Like many young men uncertain of their sexual identity, the young Khumalo decides that God’s not on his side of the problem: “God and the homophobes had different ways of inflicting their violence, but they belonged to the same WhatsApp group and he was the administration.” In short, since he believes he loves God, how is he to reconcile this love with his love of men?
To over-simplify a complex process, Khumalo engineers this accommodation by redefining God in his own image, through the surprising feat of incorporating, in a very literal sense, God into his more ecstatic encounters with a young man called Daniel: “The first time he was inside me, Daniel gritted his teeth, his lips a rectangle of flesh and perfectly symmetrical teeth. He was so sorely beautiful I was emboldened to cross the chasm between heaven and earth to kiss the face of God.”
God, in this form, is perhaps indeed knowable only if you are gay, and may not be everybody’s idea of a respectably deity. I must report that the sexual scenes, of which the above is a mild example, are probably the most graphic I’ve read anywhere, and I have read widely. They are, though, prevented from being merely prurient in that they form part of Khumalo’s stringent attempt to redefine God through a concept of love that embraces all aspects of being.

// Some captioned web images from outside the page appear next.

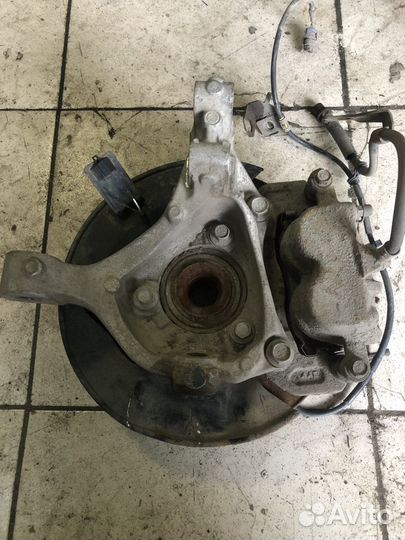 Шевроле каптива. Ступица. Поворотный кулак. Левый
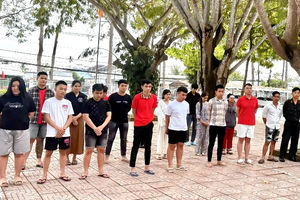 Khởi tố 24 bị can trong đường dây lừa đảo đầu tư vàng trực tuyến ở Cần Thơ Khởi tố 24 bị can trong đường dây lừa đảo đầu tư vàng trực tuyến ở Cần Thơ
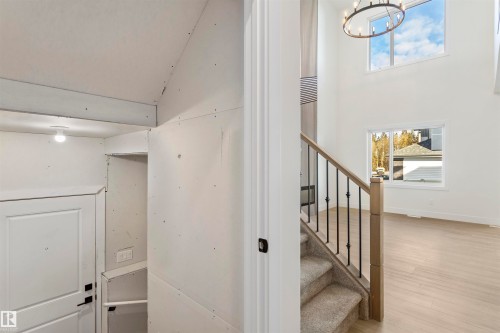 60 Meadowgrove Landing, Spruce Grove, AB - Indoor Photo Showing Other Room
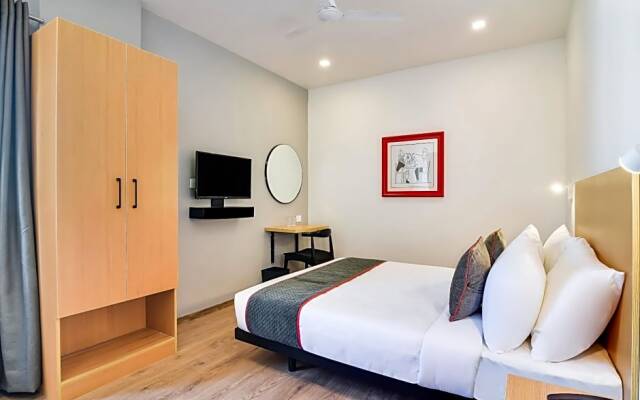OYO Townhouse 238 Ulssor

But these over-the-top scenes are not Khumalo at his best, nor are the long and rather abstruse disquisitions on the nature of God: he is much more accessible in his more usual sardonic-humorous mode, as when he surveys South African society, from the townships to the seats of power, from impoverished streets through a spell in the army, to glitzy gay pageants.

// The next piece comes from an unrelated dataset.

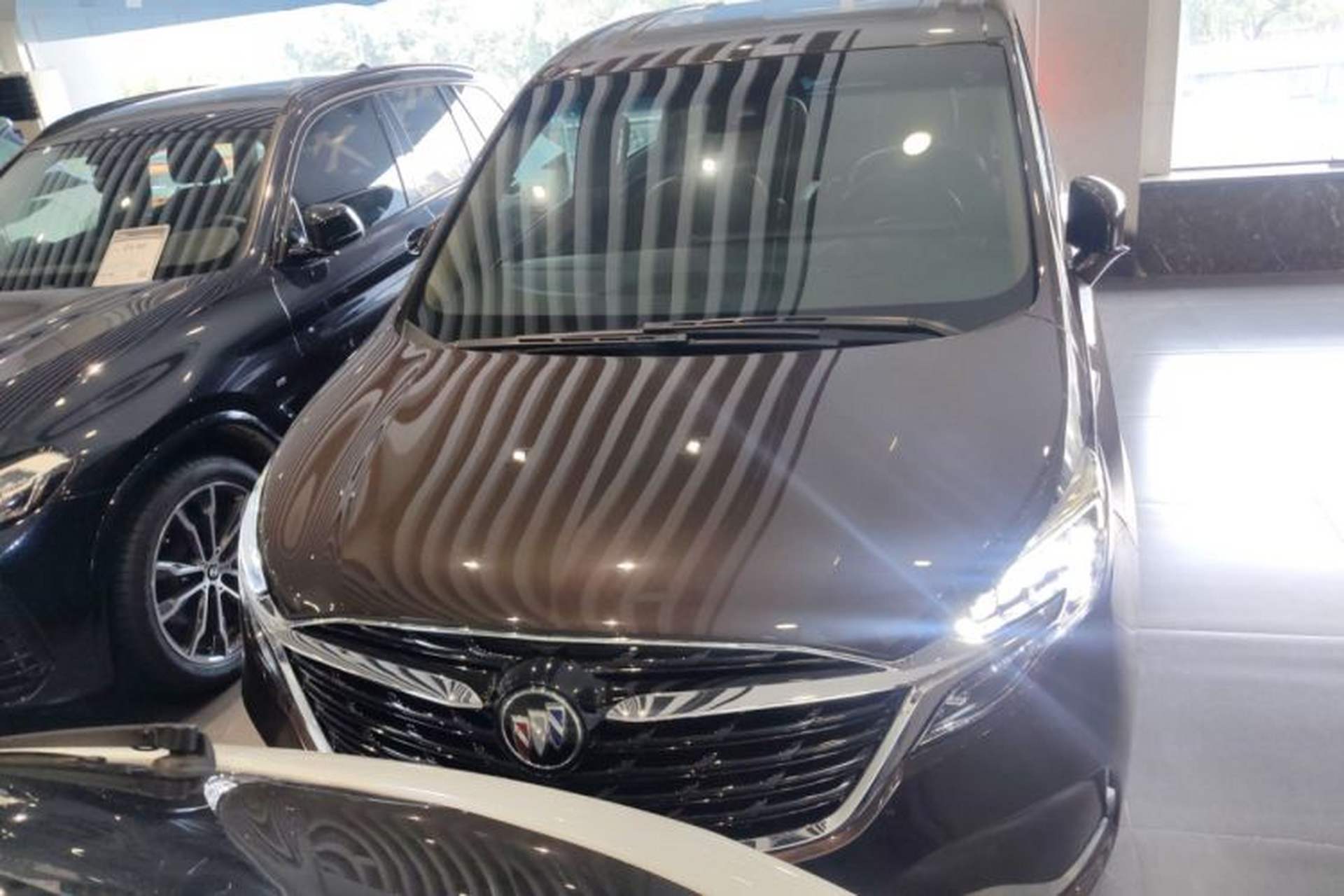 Used Buick GL8 2020 ES Land Cruiser 653T Luxury Model Front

The young Khumalo’s progress was facilitated by an uncommonly accommodating mother, who supported him in every aspect of his growing up, including his sexuality: “But, a gay son! God must have really taken a shining to me. Why else would I be so blessed?” She also bequeathed him some uncommonly good genes, enabling him to become Mr Gay Durban 2014 and runner-up to Mr Gay South Africa. This section of the book reflects Khumalo’s more freewheeling, less introspective aspect, and, as such, makes for easier reading.

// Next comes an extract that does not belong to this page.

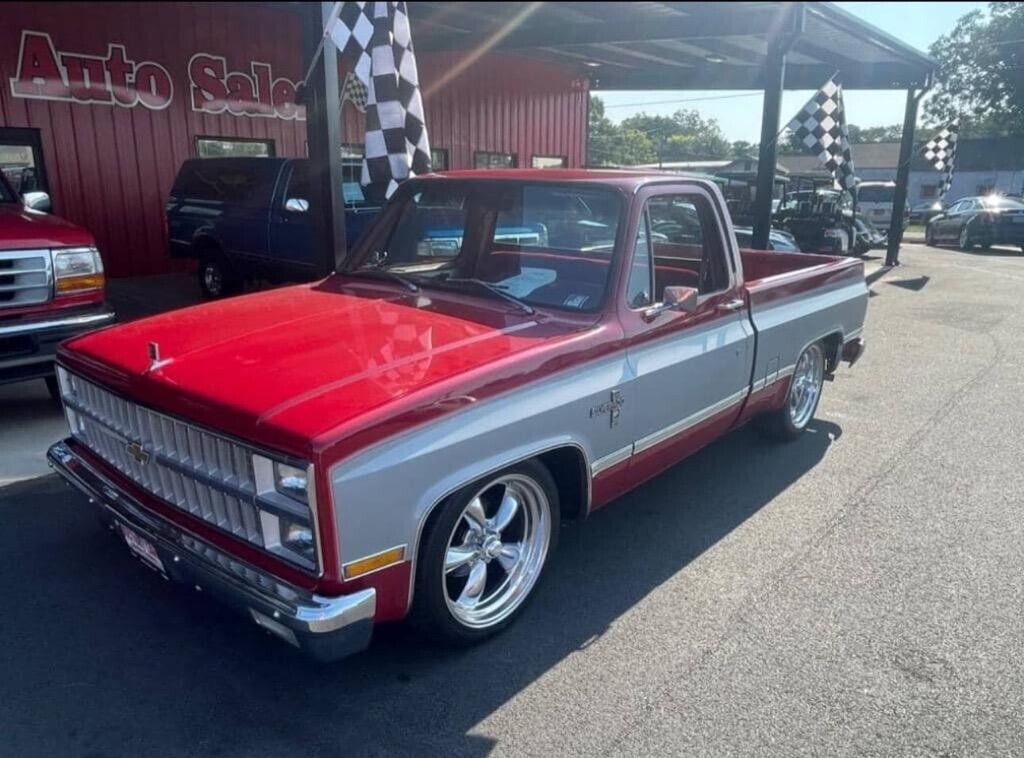 Chevrolet-C-10-1982-Red-Red-96561-1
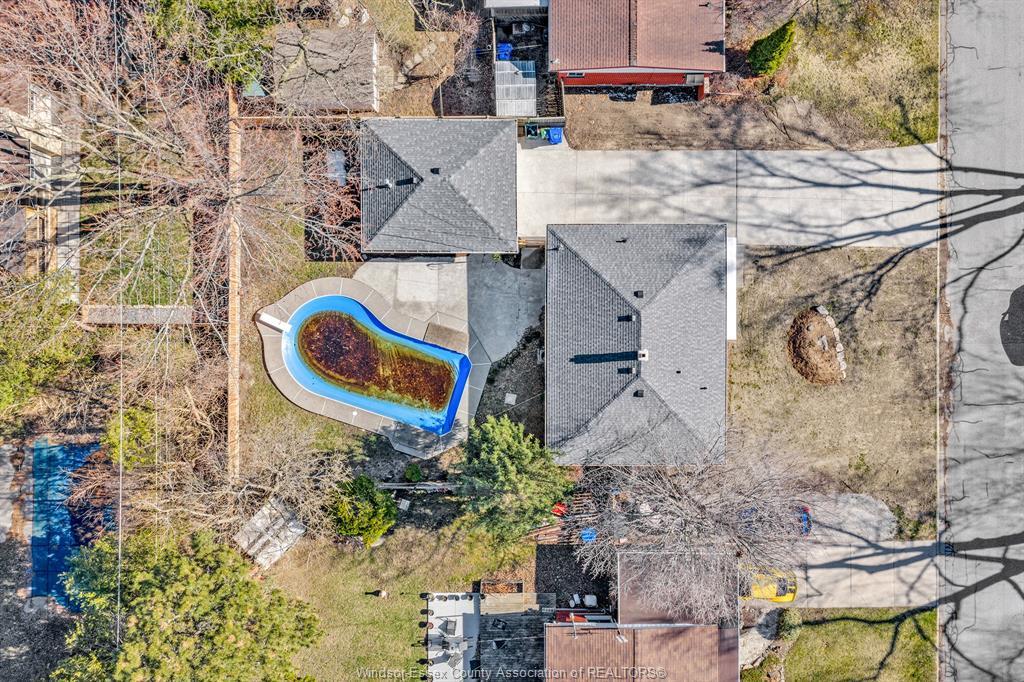 2692 Everts, Windsor, ON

Part Three, by contrast, is, by and large, densely argued, formidably documented, and not always easy to follow, probably because even here Khumalo is playing games with his reader. I found it difficult, for instance, to gauge his misgivings about the Constitution, which, he argues, “is not the one the majority thinks is worth fighting for. It’s never entitled them to full restitution or redress for loss suffered during apartheid.” Of course, it’s true that the Constitution has not delivered these things; what it entitles is a question for a constitutional scholar. But the real difficulty is deciding where Khumalo stands on this question; for the Constitution, as he well knows, guarantees his right not to be discriminated against as a gay man: a right, as he also knows, relatively rare in the populist regimes of Africa.
But that guarantee is part of what he goes on to call “Do-It-Yourself-Freedom for the well-heeled individual set over and against the expectations of the collective.” Khumalo draws the moral: “When the liberation which is to come can only be achieved by undermining the gospel of non-discrimination [as ordained by the Constitution], gays and whites will be seen as the bourgeois who need to lose a thing or two.”
Khumalo is presumably as reluctant as the rest of us to lose a thing or two, such as the right to non-discrimination. This is, of course, a dilemma, rather than a confusion. It’s just that it’s difficult to plumb Khumalo’s tone: is its irony directed at the shortcomings of the Constitution, or at the (implicitly false) dream of true liberation? Or is it part of his slippery rhetoric, which refuses to declare its allegiance up-front? It’s with something like relief that the puzzled reader comes across this, late in the book: “Do I believe what I’ve written here? That’s neither here nor there: what matters is rhetoric is a bracing literary method of establishing rapport with half your audience and scandalising the other half before fucking its collective mind over.”
Well, you’ve been warned. It can be a rough ride. But it can also be a bracing experience: read the book.